Items listed in a dataset
==============================
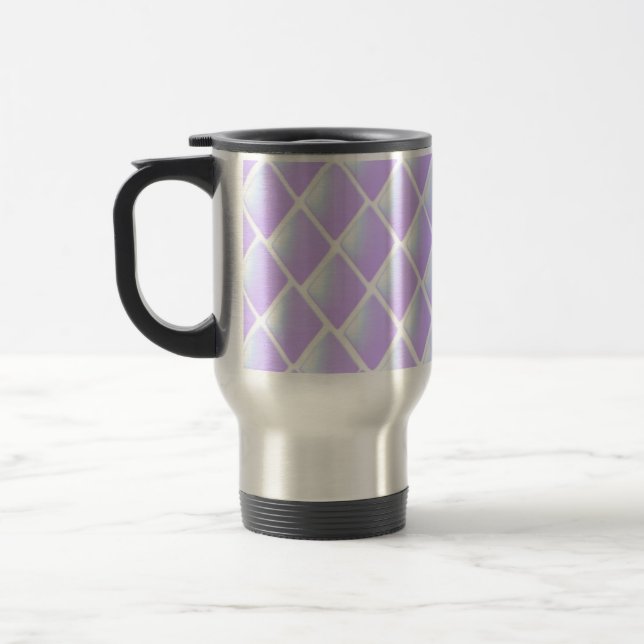 Caneca Térmica Padrão de Diamante Matelassê Roxo (Esquerda)
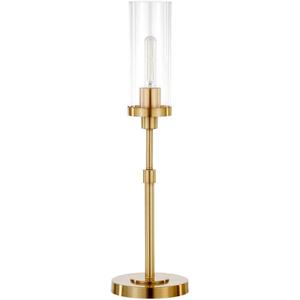 Frieda 26.68" Tall Table Lamp with Glass Shade in Brass/Clear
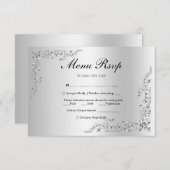 シルバー装飾 ウェディングメニュー RSVP (正面/裏面)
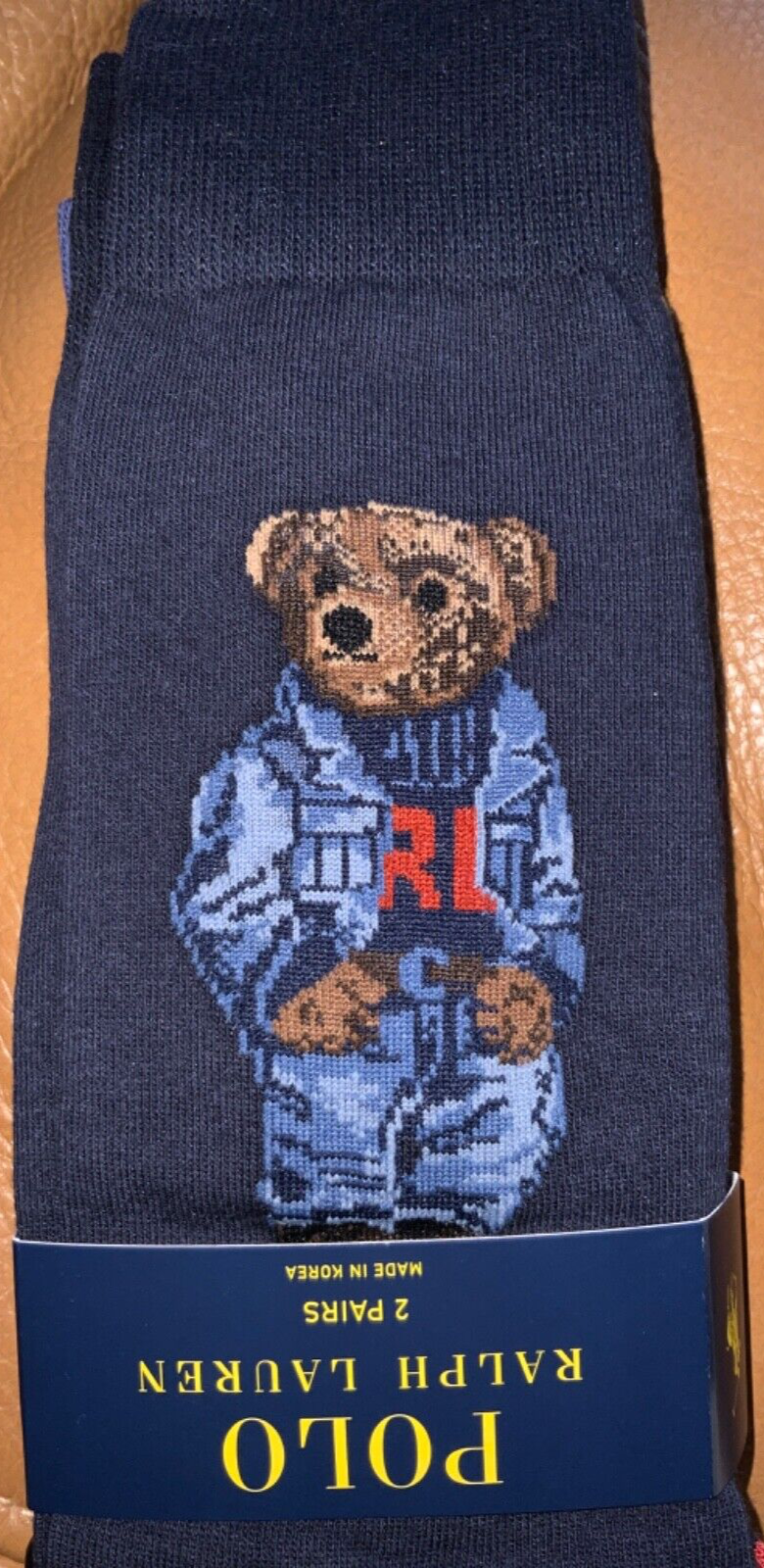 PONY Polo RALPH LAUREN Iconic Polo bear 2 paia calze pantaloni taglia 10 13 scarpa6 12 nuovo con etichette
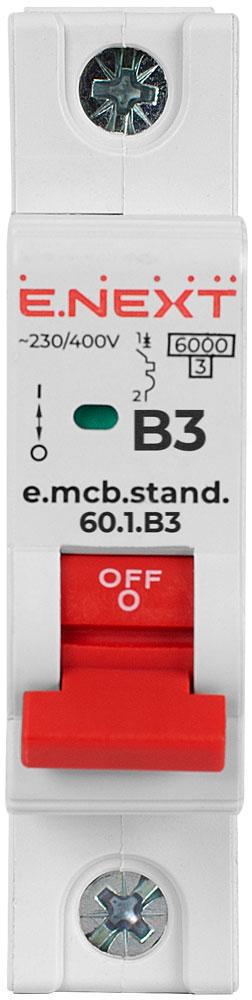 Автоматический выключатель E.NEXT e.mcb.stand.60.1.B3 1р 3А 6 кА B (s001103) - фото 2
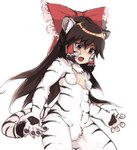 alternate_species breasts brown_hair female fingerpads fur hair human_to_anthro inner_ear_fluff long_hair low-angle_view mid_transformation navel nipples nude open_mouth pawpads simple_background solo species_transformation striped_body stripes transformation tuft white_background white_body white_fur toribako touhou reimu_hakurei felid human mammal 2022 hi_res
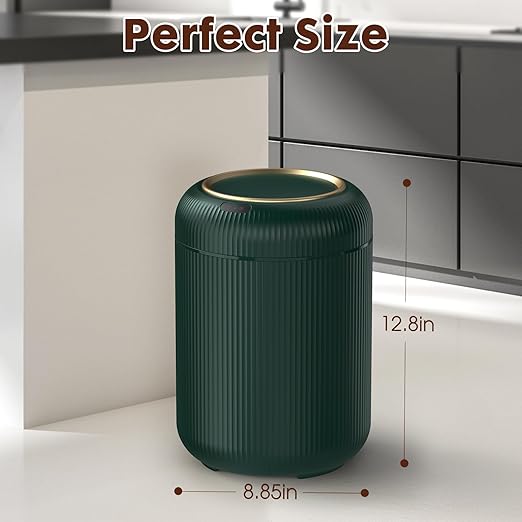 Procade Automatic Motion Sensor Bathroom Trash Can with Lid, 3 Gallon Touchless Trash Bin, Smart Plastic Garbage Can Small Green Wastebasket for Toilet, Office, rv, Bedroom, Living Room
==============================
DIRECTIONS FOR THIS TASK: Reproduce exactly the lines above from the one with "シルバー装飾 ウェディングメニュー RSVP (正面/裏面)" through the last line of the data, keeping both ends and dropping the pictures.

ANSWER TO THIS TASK:
 シルバー装飾 ウェディングメニュー RSVP (正面/裏面)
 PONY Polo RALPH LAUREN Iconic Polo bear 2 paia calze pantaloni taglia 10 13 scarpa6 12 nuovo con etichette
 Автоматический выключатель E.NEXT e.mcb.stand.60.1.B3 1р 3А 6 кА B (s001103) - фото 2
 alternate_species breasts brown_hair female fingerpads fur hair human_to_anthro inner_ear_fluff long_hair low-angle_view mid_transformation navel nipples nude open_mouth pawpads simple_background solo species_transformation striped_body stripes transformation tuft white_background white_body white_fur toribako touhou reimu_hakurei felid human mammal 2022 hi_res
 Procade Automatic Motion Sensor Bathroom Trash Can with Lid, 3 Gallon Touchless Trash Bin, Smart Plastic Garbage Can Small Green Wastebasket for Toilet, Office, rv, Bedroom, Living Room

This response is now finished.